Southeastern Section - 54th Annual Meeting (March 17–18, 2005)

Paper No. 3
Presentation Time: 3:40 PM


MITASOVA, Helena, Marine, Earth and Atmospheric Sciences, North Carolina State Univ, 1125 Jordan Hall, NCSU Box 8208, Raleigh, NC 27695-8208, HARMON, Russell S., Army Research Office, Army Rsch Lab, Research Triangle Park, PO Box 12211, Durham, NC 27709-2211 and OVERTON, Margery, Department of Civil, Construction, and Environmental Engineering, North Carolina State Univ, Raleigh, NC 27695,

Preservation and effective management of highly dynamic coastal geomorphological features, particularly those located in areas subject to development pressures, requires an in-depth understanding of their dynamic behavior and evolution over time.
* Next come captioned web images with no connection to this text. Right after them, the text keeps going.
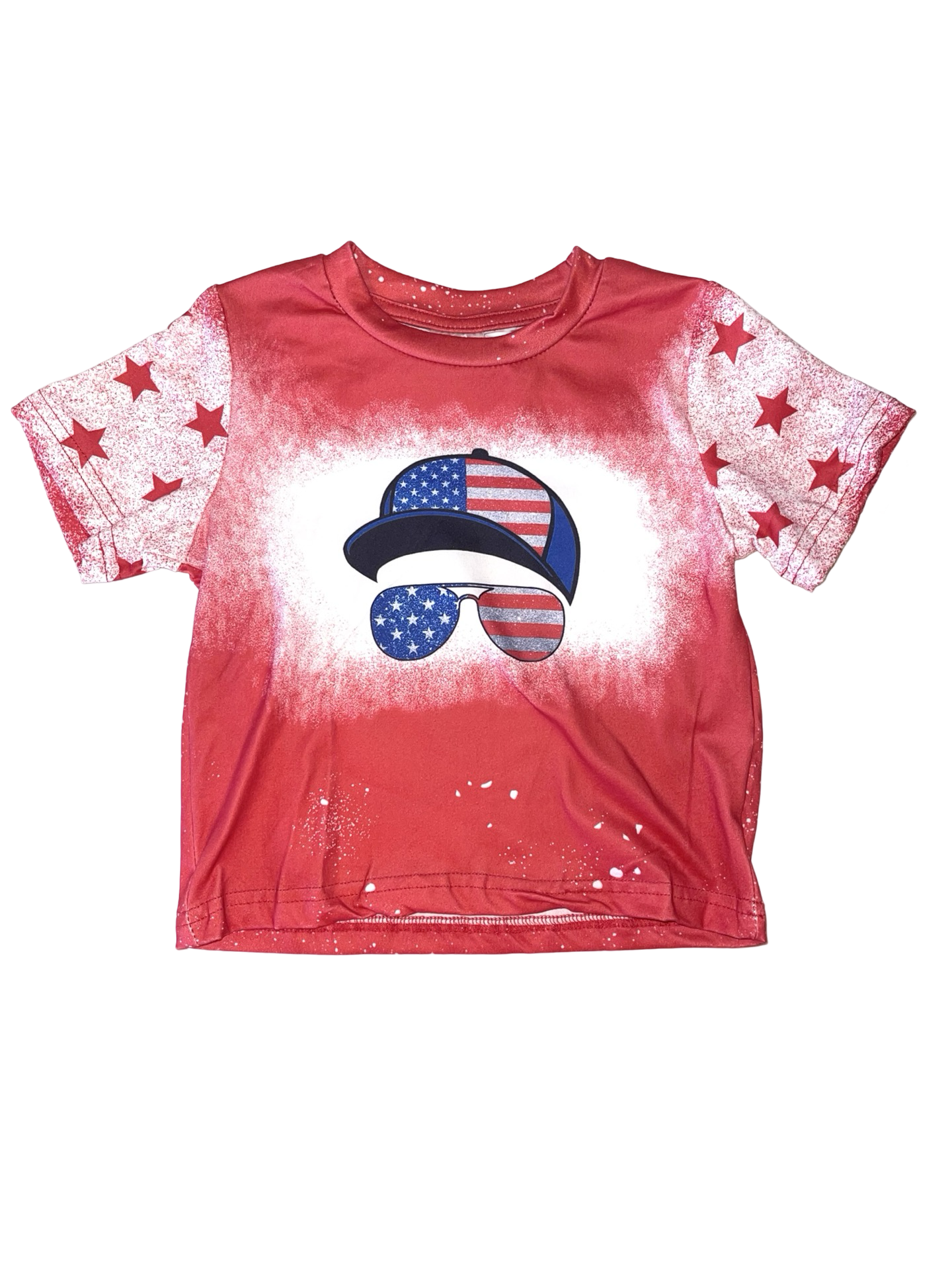 Fourth Of July Bleached Hat & Sunglasses Tee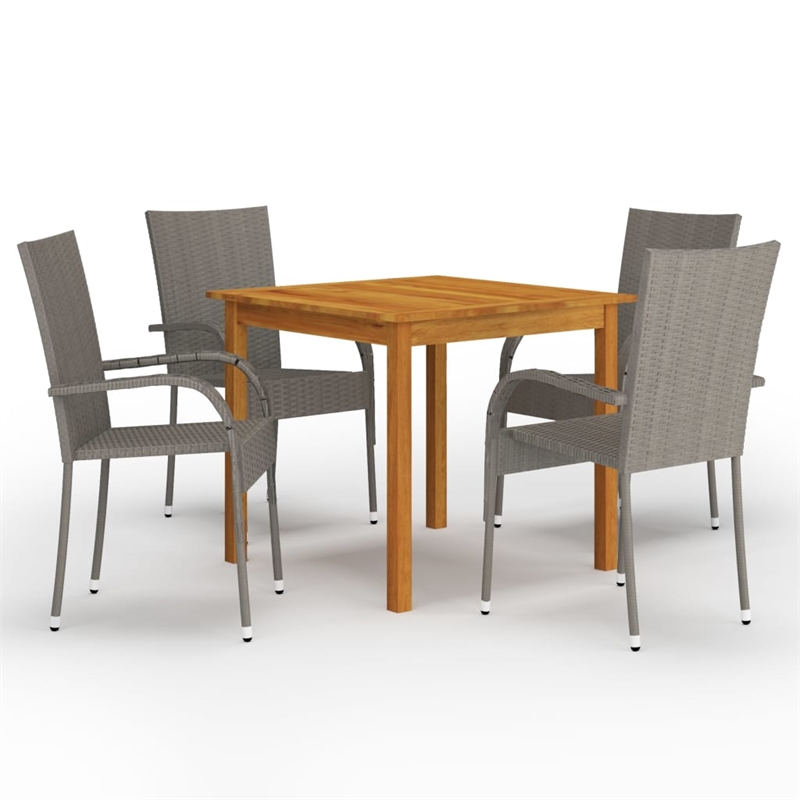 Afuera Living Dining Set Table Natural Wood Solid Acacia Wood Medium Stackable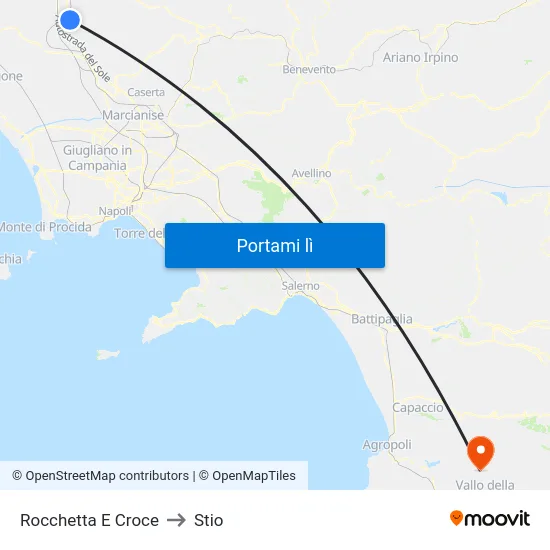 Rocchetta E Croce to Stio map
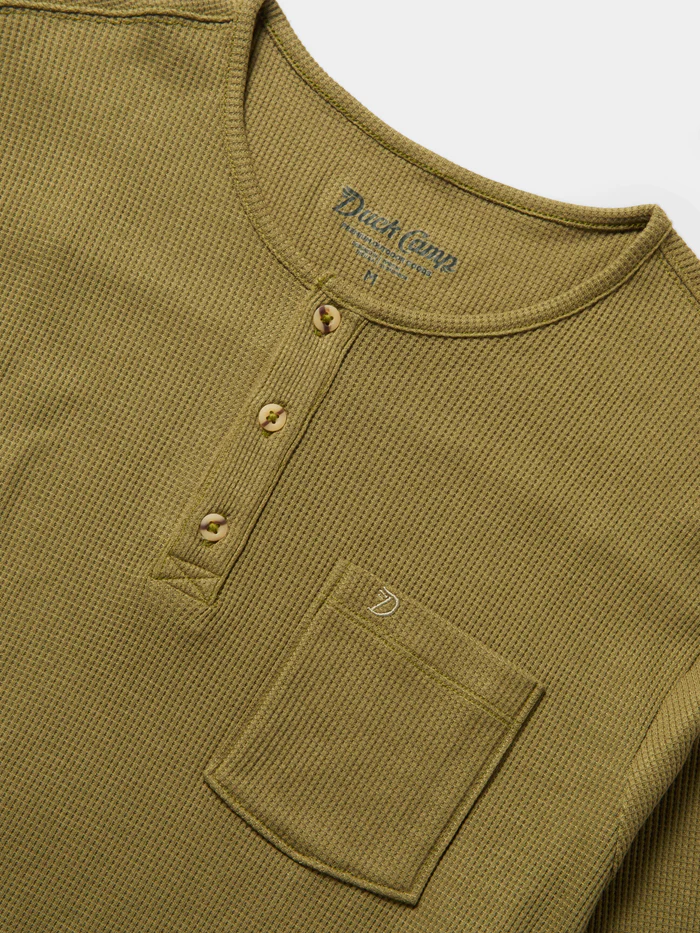 Waffle Henley Long Sleeve Shirt- Cordgrass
Modern mapping technologies such as lidar and real-time kinematic GPS, and 3D GIS provide geospatial tools for efficient acquisition of high-resolution 3D data, and their spatial- temporal analysis. These techniques were applied to the Jockey's Ridge State Park sand dune field on the North Carolina Outer Banks, the largest active dunes on the eastern coast of the United States, with the goal of quantifying its deflation and rapid horizontal migration. In addition, historical evidence, including photos taken in the early 1900s by the Wright Brothers, nautical charts, and aerial photography were used to determine the evolution of the dune and the surrounding area over the past 90 years. A multitemporal sequence of 3D models of the dune field was used to visualize the changes in the elevation and shape of the dunes. Topographic analysis was performed to extract dune crests and slip faces and quantify horizontal dune migration. The analysis revealed rapid growth of the main dune from 1915-1949, followed by a slower rate of deflation that continues today. The deflation reduced the elevation of the main peak to half of its highest recorded value. Horizontal dune migration of 3-10 m/year has transported sand outside the park boundaries and threatened an adjacent road and several adjacent houses. As a result, the south dune section has been removed and the sand placed at the far northern end of the park to serve as a potential sand nourishment source. The analysis of topographic change has also indicated that increase in the number of visitors after the park was established in 1974 had little effect on dune deflation.